On November 3rd, 2002, at just after one in the afternoon, that wintry Alaskan stillness was rocked by a magnitude 7.9 earthquake. Felt throughout the state, into Canada, and south to Washington, the quake created ripples in bodies of water as far away as Texas and Louisiana. Measured as the largest inland earthquake in North America in nearly 150 years, the Denali Fault earthquake was similar in magnitude to the 1906 San Francisco quake, which killed between 700 and 2800 people. Yet because it struck in the remote north, far from centers of infrastructure and population, no lives were lost on that day in November.
The remote community of Mentasta, alongside neighboring native villages of Tetlin and Slana, and the towns of Glenallen and Delta Junction, was heavily impacted. The seismic event leveled a large portion of the 100-person town, which sits at the base of the rugged, glaciated Wrangell Mountains. Although the damage to many buildings was mitigated due to the malleable properties of log cabin construction, nearly all the locals’ homes and outbuildings would need to be repaired. The historic Mentasta Lodge suffered almost half a million dollars in damage. Local entry roads were impassable to emergency vehicles, phone lines were down, and the community was cut off from the outside world.
Only two structures survived the 2002 earthquake without significant damage. The Athabascan Elder Youth Center was completely intact, and this community center naturally became a gathering place in the hours, days, and weeks following the quake. Locals sought shelter within its walls while aftershocks continued to rock the area. It also functioned as the school while the community of Mentasta rebuilt. A Mentasta resident, expressing their concern, noted that “after a week of aftershocks, I am still sleeping on the office floor by the door. I don’t plan on moving back to my bed in the loft ‘til the earth quits rocking.”
In August of 2002, just months before the massive November 3rd earthquake, the VISIONS Alaska summer program youth volunteers and staff had helped put the finishing touches on that same community center. The building would soon become one of the sole safe spaces for the Athabascan locals in a time of trauma and necessity.

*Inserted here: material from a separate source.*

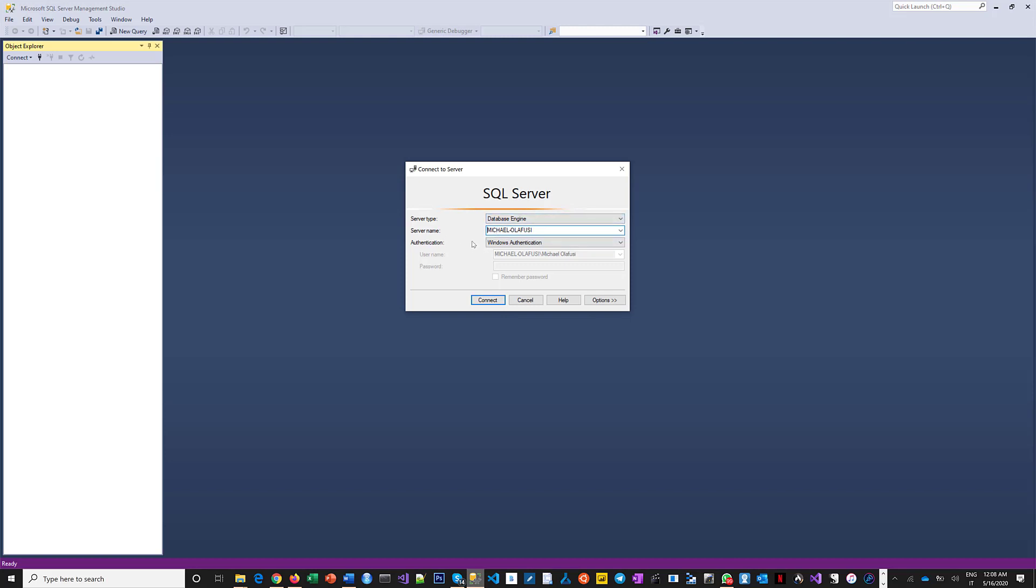I installed it in such a way that I can do both Windows authentication and mixed mode authentication. I'm going to say connect. It will use my Windows authentication and that's it.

The Athabascan community has lived among the natural bounty of the Tetlin River in Southeast Alaska for a millennium or more. Customs of culture, survival, and stewardship have been passed on throughout generations. Elders share the knowledge of traditional fishing and hunting skills, as well as meaningful songs and stories, with youth. The Athabascans have learned to endure and thrive in the challenging climate over centuries. In recent years, indigenous Alaskans have also had to survive onslaughts to their land, their rights, and their way of life. Today, many villages in the Alaskan bush must work hard to balance cultural and economic survival.

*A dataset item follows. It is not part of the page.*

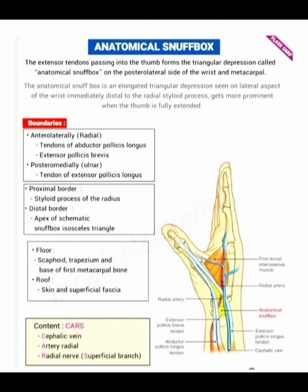The floor is made by the scaphoid, trapezium, and base of the first metacarpal bone, and the roof is formed by skin and superficial fascia. The contents are easy to remember using the mnemonic SCARS: cephalic vein, radial artery, and the superficial branch of the radial nerve. Look at the image — we now know what the anatomical snuff box is.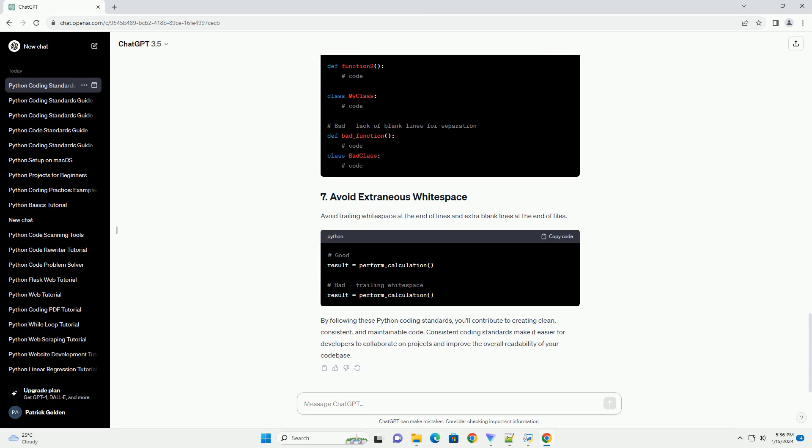Consistent coding standards make it easier for developers to collaborate on projects and improve the overall readability of your code base.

Local Legacy of Meaningful Volunteer Service
VISIONS Service Adventures began work in Alaska in the summer of 1995. From its onset, Alaska youth service program volunteers had the honor and responsibility of assisting with community needs. Each year, the program focuses on service projects, identified and coordinated by local partners with an intimate, firsthand knowledge of what best serves their community.
Volunteer youth are immersed for nearly a month in a remote, yet welcoming, Alaskan village, surrounded by the lush green and midnight sun of subarctic summer. Recent projects have included house maintenance for village elders, building smokehouses to preserve meat for the long winter and woodsheds to store the villagers’ primary fuel source, engineering wheelchair ramps for residents in need, and assembling a “fish weir” (or traditional fish trap) to catch salmon as they swim upriver to spawn.

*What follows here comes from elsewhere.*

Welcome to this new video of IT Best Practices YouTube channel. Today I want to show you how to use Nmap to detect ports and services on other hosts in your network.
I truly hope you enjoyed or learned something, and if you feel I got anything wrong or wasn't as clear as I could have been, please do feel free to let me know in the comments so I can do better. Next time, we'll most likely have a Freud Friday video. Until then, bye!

With 25 years of hands-on work taking place in partnership with community neighbors, VISIONS service projects in remote Alaskan communities have built more than just enduring physical structures. The work has created long-lasting human connections, often across vastly different backgrounds.
Mentasta, Alaska Community Center Construction
Brad Hubbard, a longtime director of the VISIONS Alaska program in Mentasta, was also an expert carpenter who arranged and led many local construction projects. Under Hubbard’s guidance, construction began on the Athabascan Elder Youth Center in the summer of 2000.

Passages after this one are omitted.